Table 1 Summary of sample features w (1), w (2) and w (3) for 10 eyes (only the right ones) and their division into classes according to the proposed classifier

Figure 11

Results of the correlation of the features w (1) and w (2) with w (3). The graph shows changes in the features w(1) and w(2) with w(3) measured with the proposed algorithm. The graph also shows 4 characteristic clusters (classes) marked in red, green, blue and magenta. The characteristic waveforms L _T (n,i) corresponding to the classes 1,2,3,4 are shown in the corners.

Figure 12

Decision tree created on the basis of the features w (1), w (2), w (3) acquired from the image and their division into four classes. Due to good separation of individual classes and a small number of nodes, the created decision tree requires no pruning (there is no concern that the decision tree will be overfit to the data).

Figure 13

Graph showing the dependence of the maximum eyeball displacement w (1) on the cornea deformation max ( L _TR ) for each class. The graph results from the division of deformations automatically measured with the proposed algorithm into 4 classes. The results obtained provide the basis for further analysis and comparison of biomechanical parameters of the eye in future studies.

Critical summary

The paper presents the possibility of using the profiled algorithm of image analysis, proposed by the authors, to measure additional parameters of the corneal deformation. This algorithm enables separation of the eyeball reaction from the corneal deflection during force application. In addition, measurements of rapidly changing cornea deformations (from 150 to 500 Hz) were proposed. These measurements allowed to propose a pattern individually for each eye. The pattern, in turn, helped to determine deviations individually for each eye. On the basis of these deviations, the features w(1), w(2) and w(3) as well as the classifier (decision tree) allowing a division into four classes were calculated.

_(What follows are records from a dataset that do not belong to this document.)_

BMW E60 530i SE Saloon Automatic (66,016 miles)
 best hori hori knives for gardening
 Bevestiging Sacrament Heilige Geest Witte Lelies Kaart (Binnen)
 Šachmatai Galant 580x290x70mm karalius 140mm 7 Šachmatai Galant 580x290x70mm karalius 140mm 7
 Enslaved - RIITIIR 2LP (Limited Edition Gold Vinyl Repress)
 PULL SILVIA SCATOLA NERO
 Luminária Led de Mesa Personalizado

The paper only presents a tool for automatic measurement of additional new parameters when using the Corvis tonometer. A detailed clinical examination based on this method will be presented in subsequent papers. In addition, the accuracy and repeatability of measurements for one patient and a phantom, the correlation of features (primarily w(1)) for a single patient and the right and left eyes and the effect of the patient position during the test on the result, both IOP as well as the other features, will be verified. The issue of analysis of symmetry, or its lack, in the dynamic response of the entire eyeball to an air-puff stimulus, is quite interesting and remains open. The analysis of corneal deflection parallel in other cross-sections is an open topic here. From a practical point of view, higher harmonics (above 2 kHz), that for the current sampling frequency (every 23 μs) are difficult to analyse, are also interesting. Moreover, the presented methods of image analysis and processing may be carried out in another way, in another dedicated algorithm, for example, with the use of random methods of analysis of layers in tomographic eye images [26, 27], the methods of mathematical morphology [28] or others [29]. The final choice of the analysis method is highly dependent on the results obtained in practice, which is an important element given the large inter-individual variability. Indeed, biomechanical parameters of the cornea, measured in dynamic states, still represent a new area of interdisciplinary research.